Ia pun mengajak agar menyepakati bahwa keindahan alam dan satwa Komodo adalah sesuatu yang tidak ternilai dan harus dijaga. Mass tourism tidak bisa menjadi tujuan pembangunan pariwisata.
Dikatakan, dahulu TNK pernah melakukan assessment. Jumlah pengunjung maksimal pertahun 50.000 orang. Itu kapasitas carrying capacity Taman Nasional Komodo.

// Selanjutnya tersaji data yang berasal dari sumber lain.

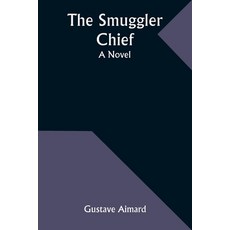 (英文圖書) The Smuggler Chief 平裝版, Alpha Edition, 英文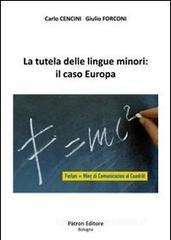 La tutela delle lingue minori: il caso Europa La tutela delle lingue minori: il caso Europa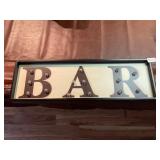 Lighted  bar sign needs batteries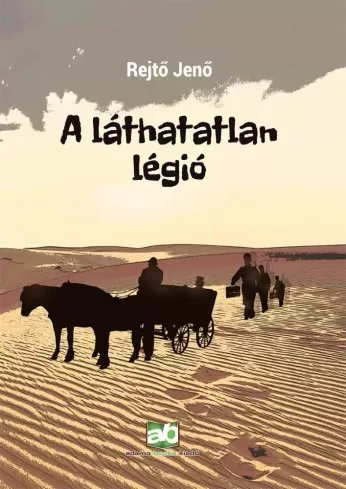 Rejtő Jenő - A láthatatlan légió (e-könyv)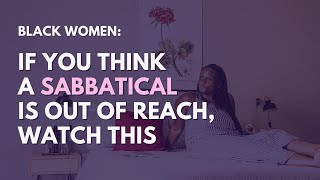 5 Ways I Make Sabbaticals Accessible for Black Women 💗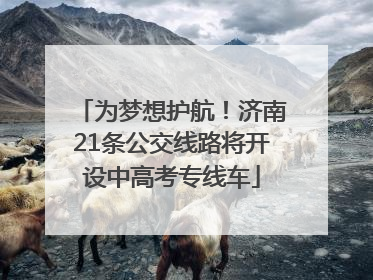 为梦想护航！济南21条公交线路将开设中高考专线车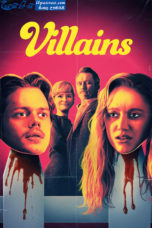 Villains (2019) Villains (2019)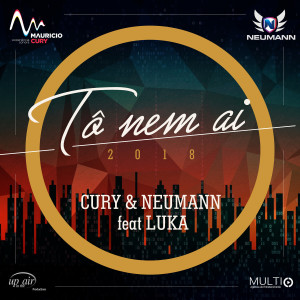 Listen to Tô Nem Aí 2018 (Extended Mix) song with lyrics from Cury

“Kata mereka, 50.000 orang pertahun masih aman, di luar itu bisa membahayakan keseimbangan alamnya. 50.000 pengunjung pertahun ini adalah angka yang lama sudah kita lampaui. Bagaimana kita bisa memajukan pariwisata tanpa kita membahayakan atau coba-coba sama alam? Di sini semua pihak harus duduk bersama, pemerintah dan semua pelaku pariwisata duduk bersama,” pungkas Matheus.
“Perencanaan yang matang adalah kunci keberhasilan. Konsep yang jelas menjadi dasar fondasi, semacam kompas yang bisa menjadi arahan dari perencanaan perencanaan kita. Tanpa perencanaan dan konsep yang jelas tempat ini akan jalan tanpa arah. Mari bersama kita arahkan pembangunan pariwisata pulau Flores ke arah yang lebih baik, semua masukan masukan akan bernilai sekali. Jangan bosan-bosan beri pemerintahmu masukan,” tutup Matheus.